Problem statement
Aim for an exact copy of the listing, without any images.

** Opening Information provided block **

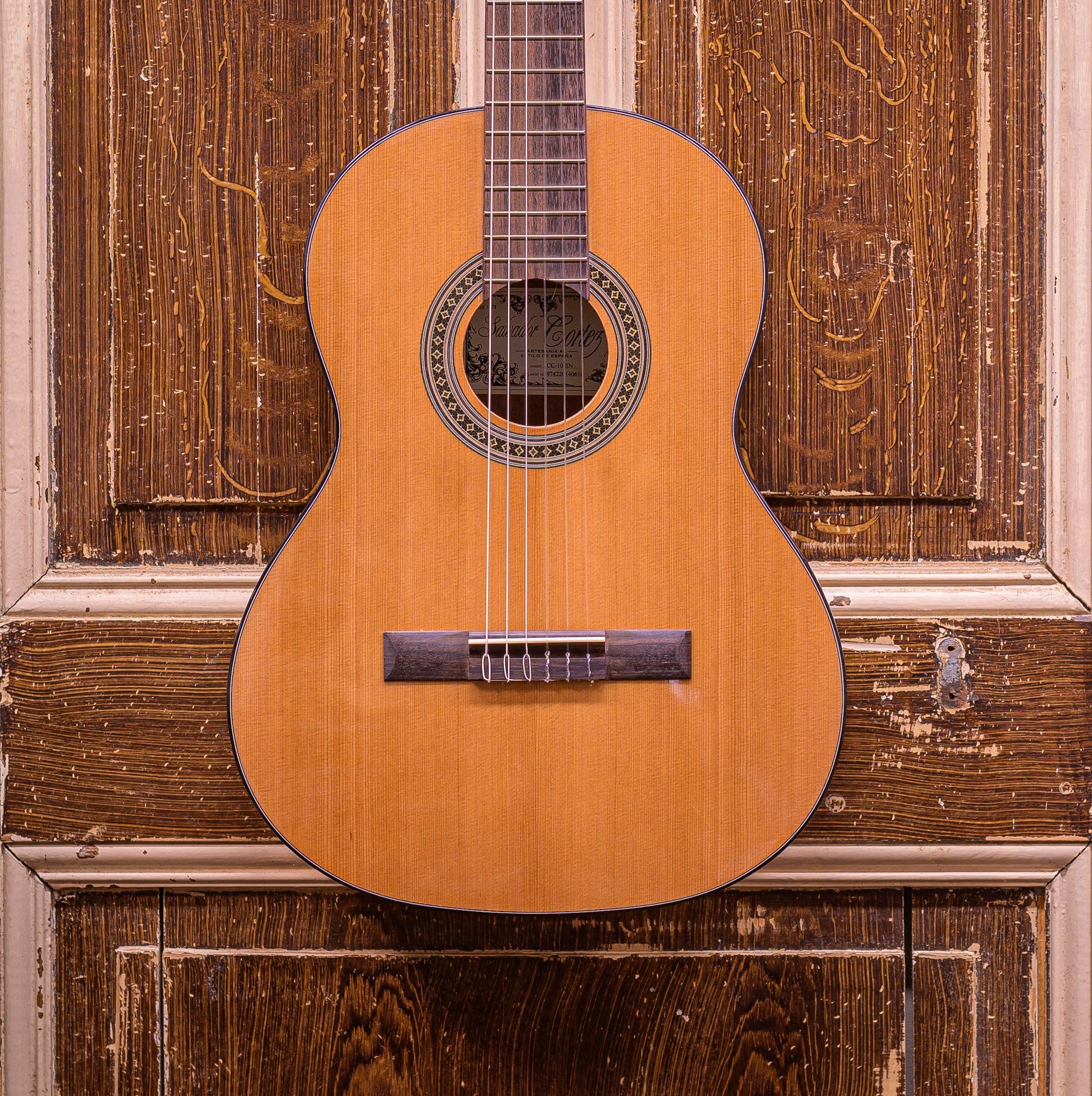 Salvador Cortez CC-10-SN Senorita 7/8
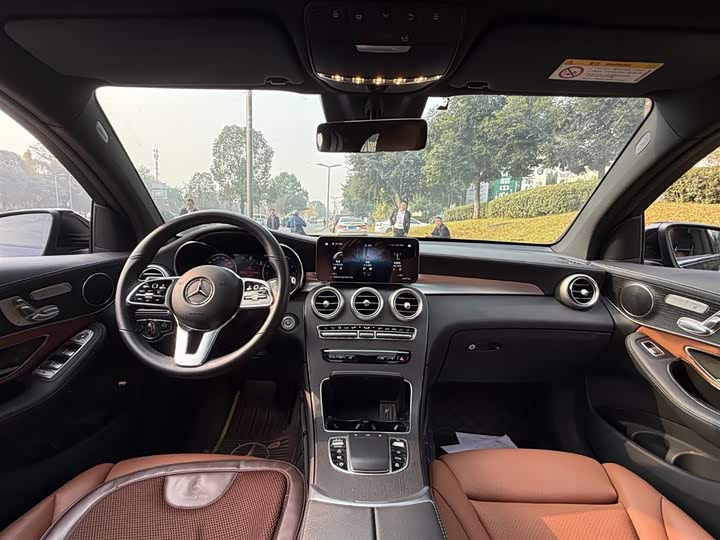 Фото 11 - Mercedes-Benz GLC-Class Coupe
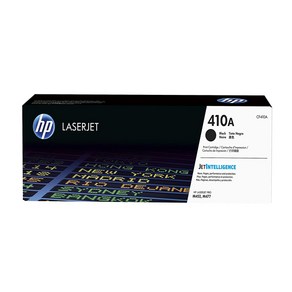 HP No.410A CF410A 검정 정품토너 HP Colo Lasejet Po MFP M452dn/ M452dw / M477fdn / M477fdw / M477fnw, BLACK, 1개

** Closing Information provided block **

Completed task
 Salvador Cortez CC-10-SN Senorita 7/8
 Фото 11 - Mercedes-Benz GLC-Class Coupe
 HP No.410A CF410A 검정 정품토너 HP Colo Lasejet Po MFP M452dn/ M452dw / M477fdn / M477fdw / M477fnw, BLACK, 1개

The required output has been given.